PG Phriday: Rapid Prototyping

Ah, source control. From Subversion to git and everything in between, we all love to manage our code. The ability to quickly branch from an existing base is incredibly important to exploring and potentially abandoning divergent code paths. One often overlooked Postgres feature is the template database. At first glance, it’s just a way to ensure newly created databases contain some base functionality without having to bootstrap every time, but it’s so much more than that.

Our first clue to the true potential of template databases should probably start with the template0 and template1 databases. Every Postgres instance has them, and unless we’re familiar with the internals or intended use, they’re easy to ignore. They’re empty after all, right? Not quite. Individually, these templates actually define all of the core structures that must exist in all standard Postgres databases. System tables, views, the PUBLIC schema, and even the character encoding, are all defined in template0, and by extension, template1. The primary difference between the two is that template0 is intended to remain pristine in case we need to create a database without any of our own standard bootstrapping code.

Heck, we can’t even connect to the thing.

psql template0
psql: FATAL:  database "template0" is not currently accepting connections

But we can make changes to template1. What happens if we create a table in the template1 database and then create a new database?

\c template1

CREATE TABLE some_junk (id SERIAL, trash TEXT);

\c foo

                List of relations
 Schema |       Name        |   Type   |  Owner   
 public | some_junk         | table    | postgres
 public | some_junk_id_seq  | sequence | postgres

So now we can see firsthand that objects created in template1 will automatically be created in any new database. Existing databases don’t benefit from new objects in any template database; it’s a one-time snapshot of the template state at the time the new database is created. This also applies to any object in the template. Functions, types, tables, views, or anything else in template1, will be copied to new databases upon creation.
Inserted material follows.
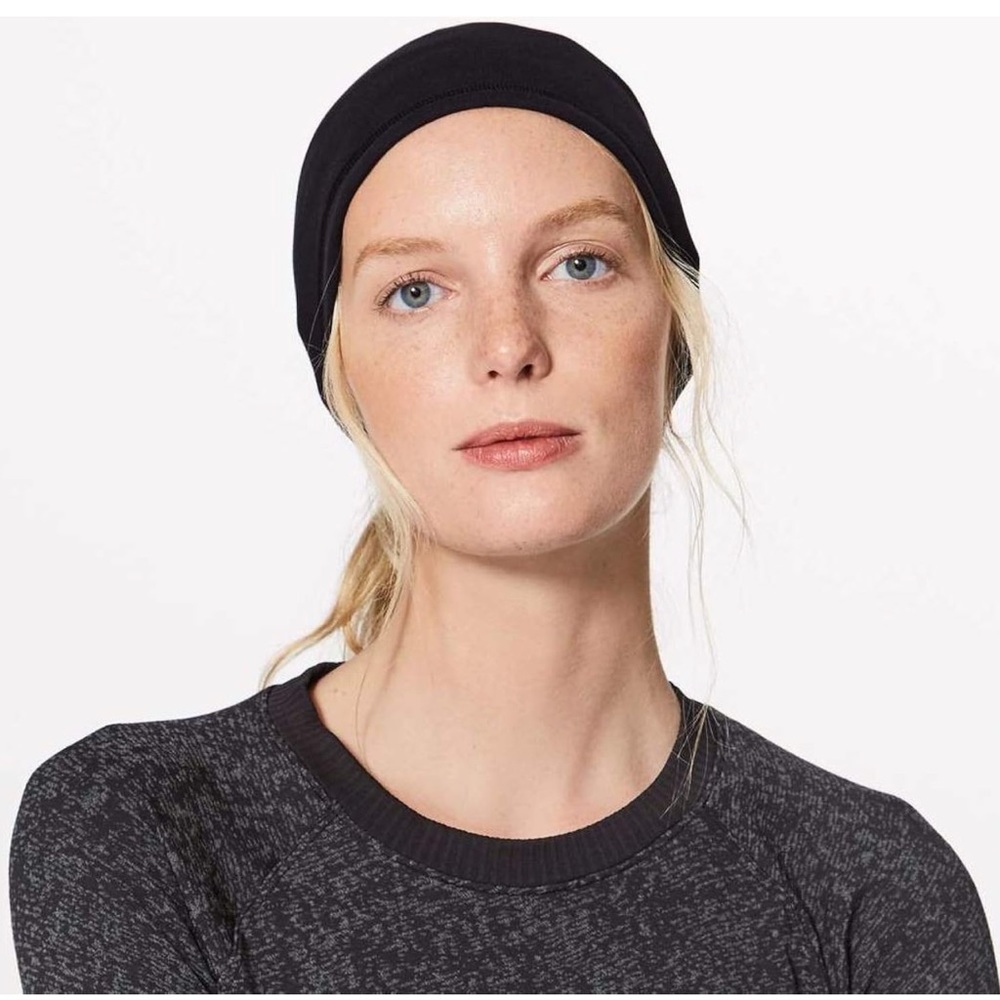❥Lululemon Run For It All Beanie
This much is almost prevalent enough to be common knowledge. As such, DBAs and some users leverage it for popular extensions and other functionality they want included everywhere. It’s not uncommon to see something like this in a new installation:

\c template1

CREATE EXTENSION pg_stat_statements -- Useful query stats.
CREATE EXTENSION pgstattuple;       -- Table data distribution info.
CREATE EXTENSION postgres_fdw;      -- Postgres foreign data wrapper.
CREATE EXTENSION plpythonu;         -- We use a lot of Python.

Now when we create a database, we’ll always have the ability to perform query forensics, analyze table bloat in the storage files, set up connections between other Postgres databases, and deploy python-based procedures. The last one probably isn’t as common as the first three, but if a series of applications make heavy use of Python and all databases in an organization reflect that, it’s nice we have the option. Any database object is created on our behalf, and we don’t even need to ask for it.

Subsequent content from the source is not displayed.